Grand Prix de Monaco : Controverse sur les vitesse sanctionnées
08.06.2026 – 01:02 Temps de lecture : 2 min.

Lors du Grand Prix de Monaco, une série de sanctions a été imposée pour excès de vitesse dans la voie des stands. L’équipe Alpine a décidé de faire appel du résultat de la course. Le directeur de l’équipe, Flavio Briatore, a déclaré : « Ces sanctions ont été appliquées à au moins quatre équipes, ce qui justifie une réévaluation. »
Cette situation a particulièrement affecté Pierre Gasly, pilote d’Alpine, qui a terminé troisième mais a été rétrogradé à la septième place à cause d’une pénalité.
Gasly, fortement impacté par cet incident, a exprimé son désespoir : « J’ai travaillé pendant dix ans pour obtenir ce moment. Nous avons tout fait correctement et je ne pense pas qu’il y ait de plus grande douleur que cela », a-t-il déclaré, déplorant la décision qui a permis à Isack Hadjar de Red Bull de monter sur le podium à sa place.
Problèmes techniques possibles ?
A Monaco, la vitesse maximale autorisée dans la voie des stands est de 60 km/h. L’équipe Alpine et Gasly estiment qu’ils sont capables de démontrer qu’ils n’ont pas excédé cette limite.

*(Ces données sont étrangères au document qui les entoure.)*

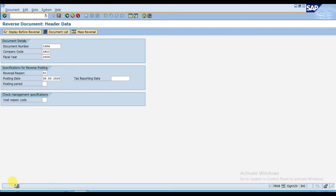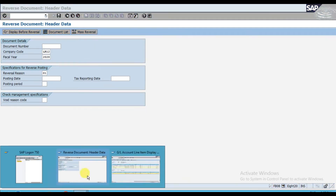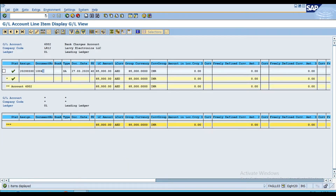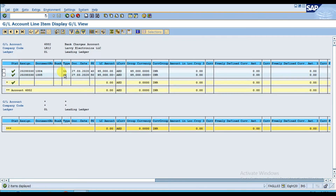When you post, a message will come: document number 1005 is posted in company code LR12. Now if you check the report, click on the list at the top and refresh it. Look at the accounting document — that reversed entry is 85,000 negative, so the balance becomes zero again. This is how we do individual reversal in SAP S/4 HANA.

D’autres pilotes, comme Lewis Hamilton de Ferrari, George Russell de Mercedes et Oscar Piastri de McLaren, ont également été sanctionnés pour des infractions similaires.
Russell a souligné une possible défaillance technique, en expliquant : « J’ai actionné le bouton et j’ai atteint 60,1 km/h. 60 est acceptable, mais 60,1 ne l’est pas. C’est ce qui m’est arrivé. »
La Fédération internationale de l’automobile (FIA) a déjà validé le résultat de Monaco. Cependant, le droit de révision permet aux équipes de contester une pénalité si un nouvel élément pertinent n’était pas connu au moment de la décision. La FIA doit maintenant examiner l’appel de l’équipe Alpine.
Points à retenir
- Les équipes ont la possibilité de contester les décisions concernant les pénalités en cas d’élément nouveau.
- Le cas de Pierre Gasly souligne les conséquences des décisions prises après la course.
- Les infractions varient d’une équipe à l’autre, mettant en lumière des possibles incohérences dans l’application des règles.
- Le dialogue autour des sanctions liées à la vitesse dans les stands reste ouvert.
Cette situation nous rappelle l’importance d’une communication claire et d’un cadre de régulation juste dans le sport automobile. C’est avec passion que j’observe comment ces événements façonnent les dynamiques de compétition et l’expérience des pilotes dans le monde de la Formule 1. Où se situe le juste milieu entre la sécurité et la performance ? Cette question mérite notre attention et une véritable réflexion collective.